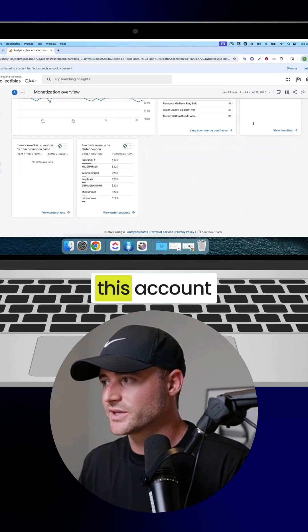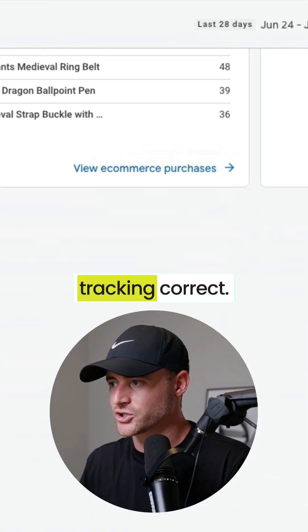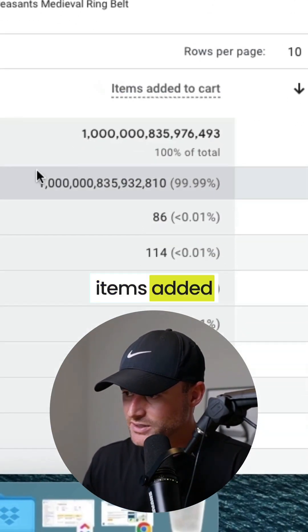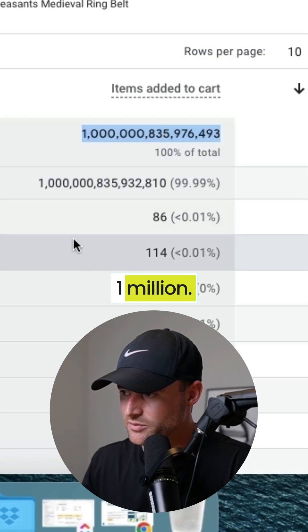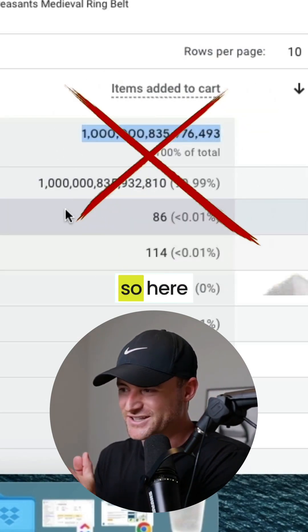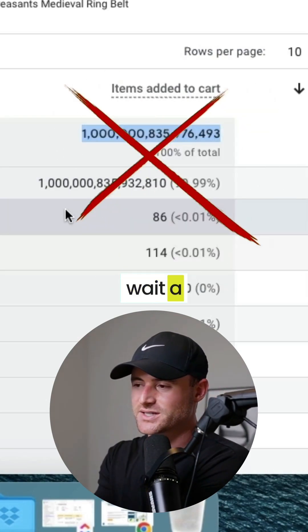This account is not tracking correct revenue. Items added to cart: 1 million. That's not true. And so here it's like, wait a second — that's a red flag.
...
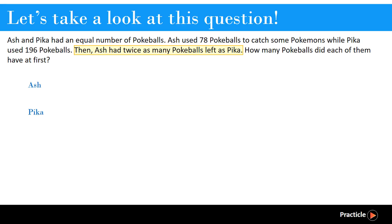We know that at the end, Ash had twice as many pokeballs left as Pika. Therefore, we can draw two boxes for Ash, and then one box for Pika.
* * *
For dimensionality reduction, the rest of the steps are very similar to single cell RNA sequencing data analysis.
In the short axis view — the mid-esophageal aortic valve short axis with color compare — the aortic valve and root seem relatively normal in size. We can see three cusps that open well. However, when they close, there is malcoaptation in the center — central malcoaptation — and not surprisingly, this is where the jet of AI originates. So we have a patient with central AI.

**Work instruction:** Each line above from the one with "For dimensionality reduction, the" up to and including the one with "In the short" must be set down exactly, and no line outside that span may appear.

**Your solution:**
For dimensionality reduction, the rest of the steps are very similar to single cell RNA sequencing data analysis.
In the short axis view — the mid-esophageal aortic valve short axis with color compare — the aortic valve and root seem relatively normal in size. We can see three cusps that open well. However, when they close, there is malcoaptation in the center — central malcoaptation — and not surprisingly, this is where the jet of AI originates. So we have a patient with central AI.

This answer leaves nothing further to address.